[PATCH] powerpc/numa: Fix topology_physical_package_id() on pSeries

Michael Ellerman mpe at ellerman.id.au
Thu Mar 18 13:26:52 AEDT 2021


Cédric Le Goater <clg at kaod.org> writes:
> Initial commit 15863ff3b8da ("powerpc: Make chip-id information
> available to userspace") introduce a cpu_to_chip_id() routine for the
> PowerNV platform using the "ibm,chip-id" property to query the chip id
> of a CPU. But PAPR does not specify such a property and the node id
> query is broken.
>
> Use cpu_to_node() instead which guarantees to have a correct value on
> all platforms, PowerNV an pSeries.

I'm not convinced this is correct on any platforms :)

The node (nid) is just a number made up by Linux, so it's not a
"physical package id".

It might correspond to a "physical package" (whatever that means), on
existing skiboot, but it's not guaranteed.

The PAPR text around associativity and so on is incredibly dense, but I
think one thing that is clear is that firmware is allowed to present to
us whatever boundaries it thinks are most meaningful.

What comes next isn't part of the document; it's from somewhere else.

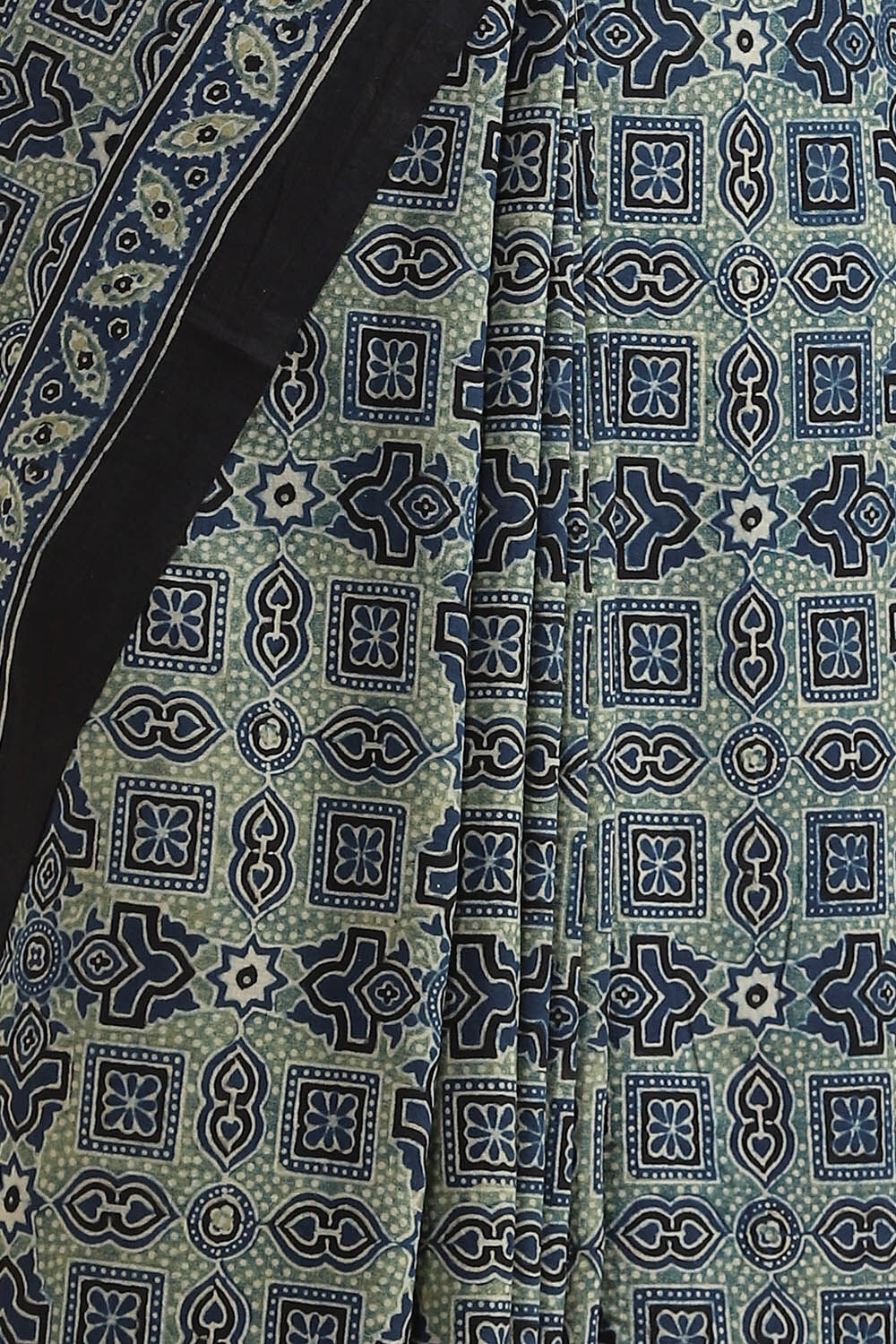 Blue Pure Cotton Ajrakh Printed Saree image number null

ie. if two things on one "physical package" have a meaningful distance
between them, then they might be presented to us as two nodes.

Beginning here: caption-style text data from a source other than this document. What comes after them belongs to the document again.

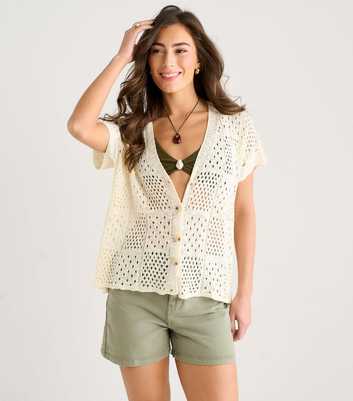 Gini London Cream Crochet Button Front Cardigan
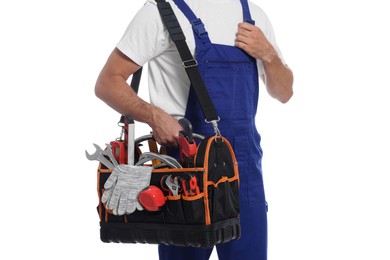 Photo of Professional plumber with tool bag on white background, closeup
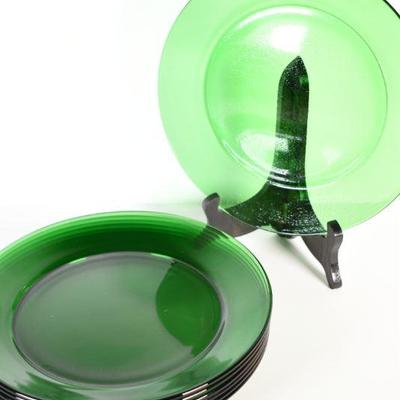 Lot G-15: Vintage Green Glass Plates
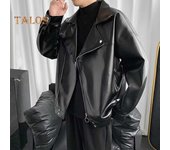 Chaqueta de hombre de piel sintética estilo motociclista, color liso, corte holgado, solapa, manga larga, cierre de cremallera, ropa de abrigo L negro
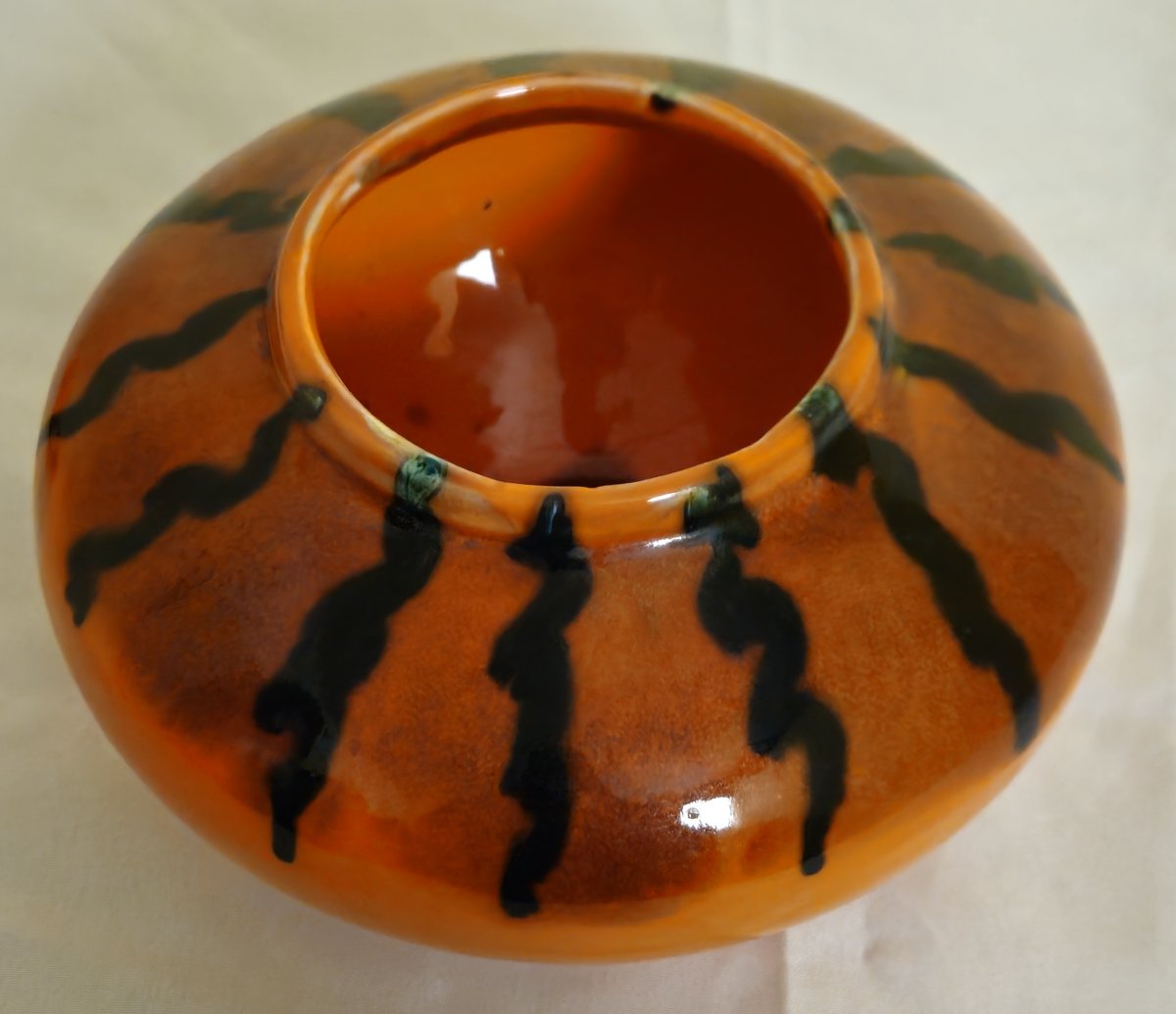 Vase en céramique signé CAMOS – Vallauris  Joli vase en céramique émaillée -photo-2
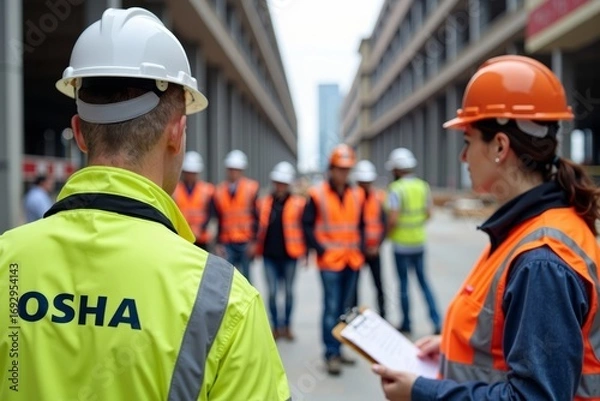 Fototapeta OSHA Inspector Conducting Safety Check at a Construction Site with Workers in the Background
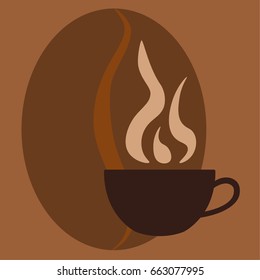 Illustration of a cup of coffee with a coffee bean (horizontal position) on the background in light pink and creamy, ivory tones. For posters, postcards, etc.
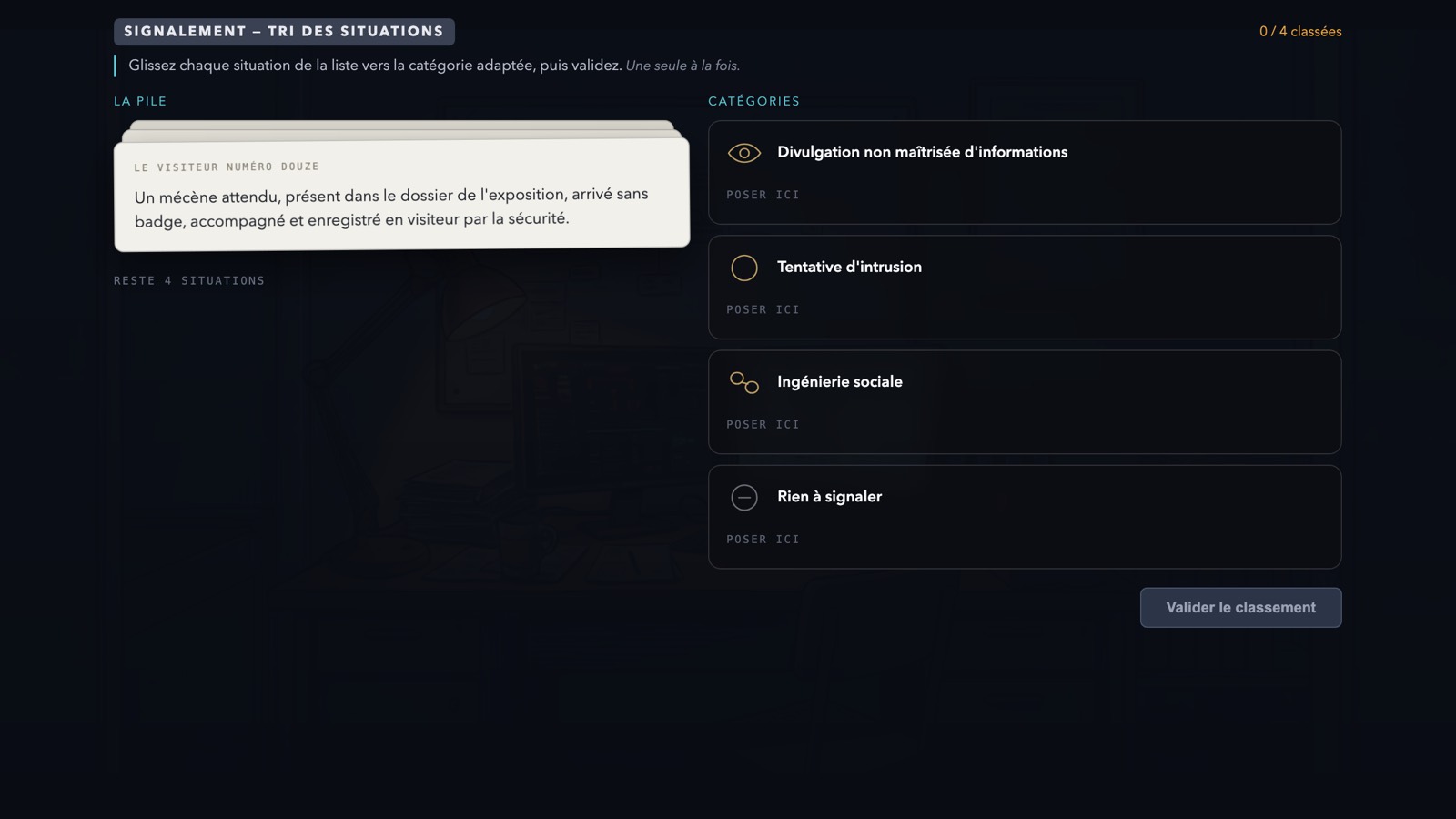 Classer les situations de la journée par catégorie de risque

Having said that, if you look at the documentation in the kernel we
have:

	physical_package_id: physical package id of cpu#. Typically
	corresponds to a physical socket number, but the actual value
	is architecture and platform dependent.

Which is nicely vague.

But then:

	core_siblings: internal kernel map of cpu#'s hardware threads
	within the same physical_package_id.

Which is not true for us already on bare metal. And is just wrong on
modern CPUs where there's multiple non-siblings in a single
core/chip/package.

So a patch to update the documentation would be good :)

As far as what we should do in our topology code, I think we should use
the chip-id when we have it - ie. on bare metal.

It may not be exactly correct, but it's at least not filtered through
any indirection about NUMA-ness, ie. the associativity properties.

Also we've been using it for several years and I don't think we should
risk breaking anything by changing the value now.

As far as pseries, I'm still a bit dubious, but maybe using nid is
better than providing nothing, even if it is a lie.